Salt – An Epicurist’s Delight

Mum! Dad! Don’t touch it! It’s Evil!

Salt? No! Get thee behind me, Saltan!  Don’t use it when you’re cooking, if you must, add it afterwards. But then you’re the spawn of Satan and must burn in Hell along with everyone who has more than half a sugar in their tea.

What complete and utter tosh.

Forget to add salt when you’re cooking a chicken and you’ve got a tasteless white meat-like substance at the end of it.  Forget to add it when you’re making an omelette and you’ll know about it.  Sneak into the kitchen and play “salt fairy” when your mum doesn’t normally add it to the veg and everyone wonders why this meal tastes better!  Make bread without adding salt and you might as well give up.

Yes, you can add salt after you’ve cooked the food.  But you’ll add more! A lot more than you think you will.  I reckon, based on the pressure-cooked chicken experiment when I forgot the salt that for every 5g (1 teaspoon) of salt you forget, you’ll add 15g salt (1 tablespoon) afterwards.

Add salt while you’re cooking and it becomes part of the meal, enhancing everything as it goes.  Add it afterwards and you’ll only get it to work on what it touches, even with the best stirring.

So to the salt Nazis who are out in force at the moment, I say this: enjoy your meal.

2 Replies to “Salt – An Epicurist’s Delight”
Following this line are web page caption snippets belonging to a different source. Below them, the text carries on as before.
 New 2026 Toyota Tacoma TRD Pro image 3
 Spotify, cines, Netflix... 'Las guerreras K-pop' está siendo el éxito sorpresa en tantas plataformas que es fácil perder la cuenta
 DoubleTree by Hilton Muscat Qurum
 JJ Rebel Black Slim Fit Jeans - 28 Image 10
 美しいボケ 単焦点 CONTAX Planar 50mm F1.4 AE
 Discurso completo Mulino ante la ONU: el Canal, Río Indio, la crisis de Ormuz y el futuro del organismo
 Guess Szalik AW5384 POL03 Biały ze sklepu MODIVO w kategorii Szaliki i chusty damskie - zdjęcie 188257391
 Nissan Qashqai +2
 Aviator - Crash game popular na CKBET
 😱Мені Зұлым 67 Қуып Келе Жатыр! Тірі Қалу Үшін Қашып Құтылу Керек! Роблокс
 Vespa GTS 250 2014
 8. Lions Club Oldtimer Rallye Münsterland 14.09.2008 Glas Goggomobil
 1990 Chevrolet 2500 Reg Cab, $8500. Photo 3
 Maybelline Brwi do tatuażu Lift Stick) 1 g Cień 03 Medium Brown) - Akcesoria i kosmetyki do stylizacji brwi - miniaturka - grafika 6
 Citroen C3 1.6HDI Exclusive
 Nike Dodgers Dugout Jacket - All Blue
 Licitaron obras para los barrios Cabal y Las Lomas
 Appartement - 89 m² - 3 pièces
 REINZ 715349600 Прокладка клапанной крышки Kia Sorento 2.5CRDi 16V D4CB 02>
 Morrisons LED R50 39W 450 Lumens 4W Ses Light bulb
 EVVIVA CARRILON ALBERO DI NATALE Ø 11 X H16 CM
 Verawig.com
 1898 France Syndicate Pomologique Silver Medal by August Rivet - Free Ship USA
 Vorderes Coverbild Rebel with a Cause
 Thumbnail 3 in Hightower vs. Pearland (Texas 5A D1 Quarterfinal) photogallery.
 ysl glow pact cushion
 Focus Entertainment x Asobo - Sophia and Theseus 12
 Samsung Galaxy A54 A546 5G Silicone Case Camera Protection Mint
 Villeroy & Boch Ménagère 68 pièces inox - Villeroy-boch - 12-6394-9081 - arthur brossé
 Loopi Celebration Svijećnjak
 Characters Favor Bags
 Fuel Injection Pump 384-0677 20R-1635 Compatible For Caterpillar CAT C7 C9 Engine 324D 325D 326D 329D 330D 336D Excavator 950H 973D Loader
  1. I’m with that Clarissa Dickinson Wright woman when she said, never eat unseasoned, half fat, tasteless rubbish. Just eat a little bit less of something that actually tastes nice. Think she’s dead now mind you 😀

    1. Not according to Wikipedia, she’s not! I remember a fantastic interview with her, talking about her doctor discovering raised Quinine levels in her blood. Was she taking antimalarials? No, but would a vast quantity of G&T a day do it?